EXERCISE REQUIREMENTS:
Output exactly, and only, the lines below from the one with "2022 Tesla Model Y Performance photo 3" down to the one with "Natalia Dyer a Charlie Heaton. Natalia". Include both end lines and no pictures.

PROVIDED DATA:
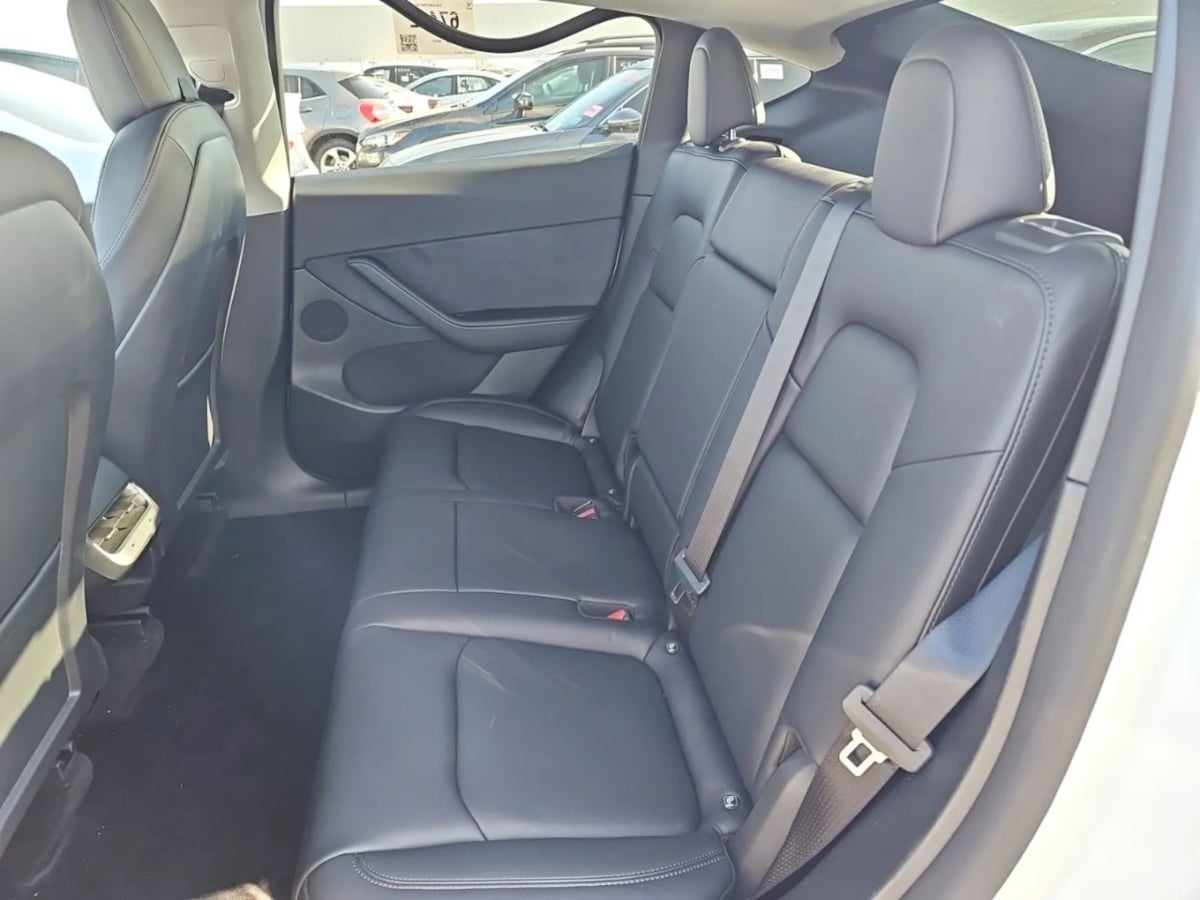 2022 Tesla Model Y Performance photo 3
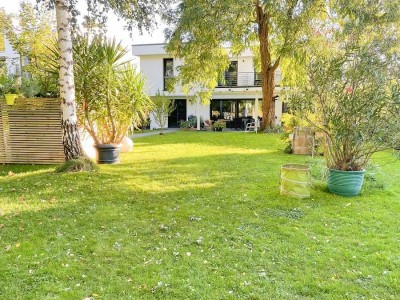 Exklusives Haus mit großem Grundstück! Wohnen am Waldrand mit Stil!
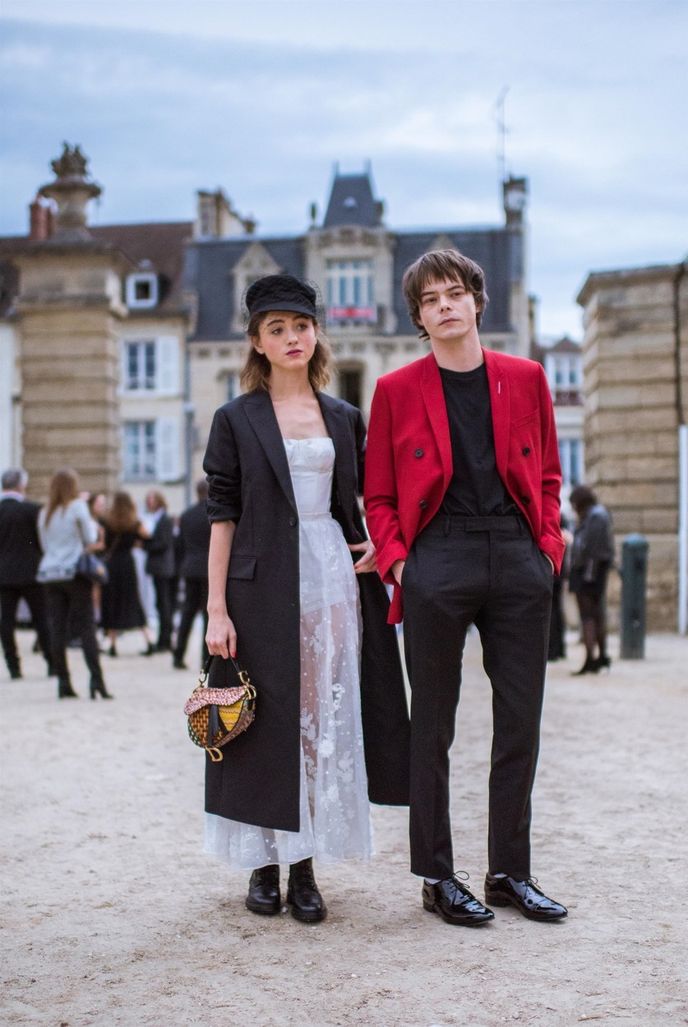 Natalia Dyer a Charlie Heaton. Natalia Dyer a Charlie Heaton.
==
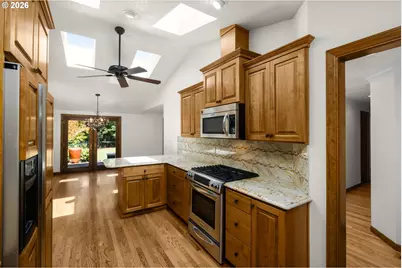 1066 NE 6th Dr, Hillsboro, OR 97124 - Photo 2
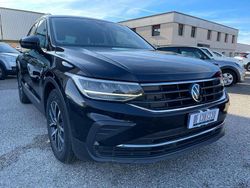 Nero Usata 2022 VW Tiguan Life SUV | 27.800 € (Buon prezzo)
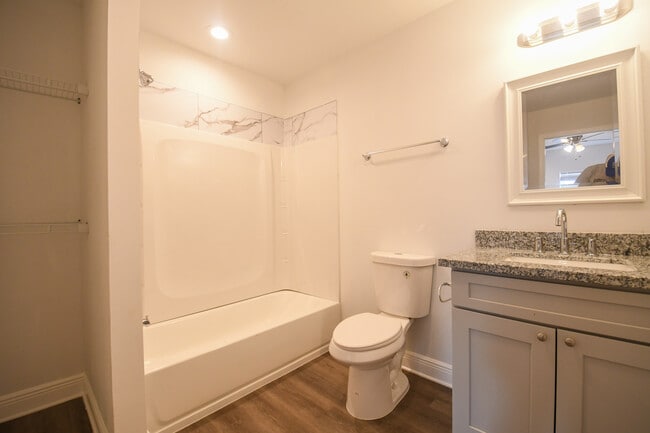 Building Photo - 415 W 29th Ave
---
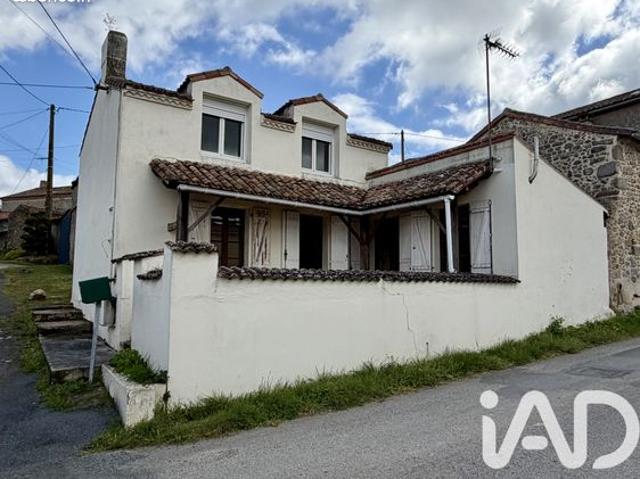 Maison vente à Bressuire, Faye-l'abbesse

EXERCISE RESULT:
 2022 Tesla Model Y Performance photo 3
 Exklusives Haus mit großem Grundstück! Wohnen am Waldrand mit Stil!
 Natalia Dyer a Charlie Heaton. Natalia Dyer a Charlie Heaton.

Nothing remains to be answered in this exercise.